The business model of Da Vinci Surgical Robot should be compared to that of the former Siemens Healthcare and GE Healthcare companies, whose largest revenue comes from imaging equipment, essentially supplying hospitals with the most expensive MRI and other equipment. These advanced medical imaging devices effectively address complex diagnostic tasks that cannot be completed by the naked eye. However, the market performance of these two companies is currently unsatisfactory. By comparing them with Da Vinci, several differences can be found. Firstly, medical imaging equipment has been in use in medical institutions for decades, with limited room for sales growth. In order to grow and scale, these companies have already developed product lines of multiple categories of medical devices, making their product lines relatively complex. In contrast, the application of Da Vinci Surgical Robot in many surgeries has not yet been fully implemented. Each new type of surgery validated will increase product sales. Currently, it is only used for laparoscopic surgeries such as general surgery, urology, and gynecological surgery. Orthopedic and pulmonary surgeries are still in the validation and scaling phase. Surgical robots have strong versatility, and there is still great potential for expanding applications. The company believes that there is still three times the space for robotic surgeries.

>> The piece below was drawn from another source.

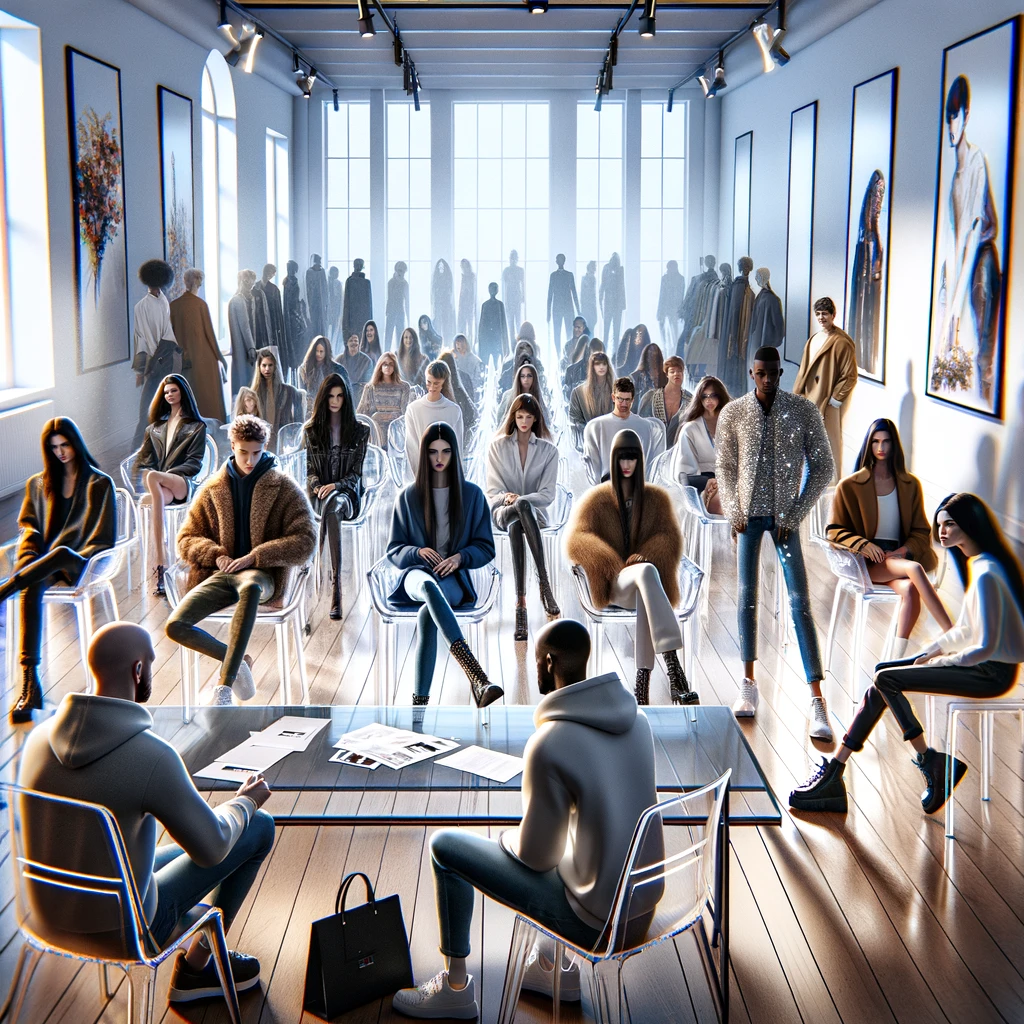 Diverse modelle e modelli seduti pazientemente, pronti a sfilare in un casting di moda, riflettendo un'atmosfera di determinazione ed eleganza.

At the same time, surgical robots have become a fundamental tool for telemedicine. Many highly skilled doctors can remotely perform surgeries on patients in underdeveloped or remote areas with the help of low-latency networks and surgical robots. This is an important means of distance reduction in medical skills, with much greater potential than the application prospects of imaging diagnostic equipment. This also indicates the possibility of surgical robots becoming a high-value, highly penetrative large basic equipment in the future.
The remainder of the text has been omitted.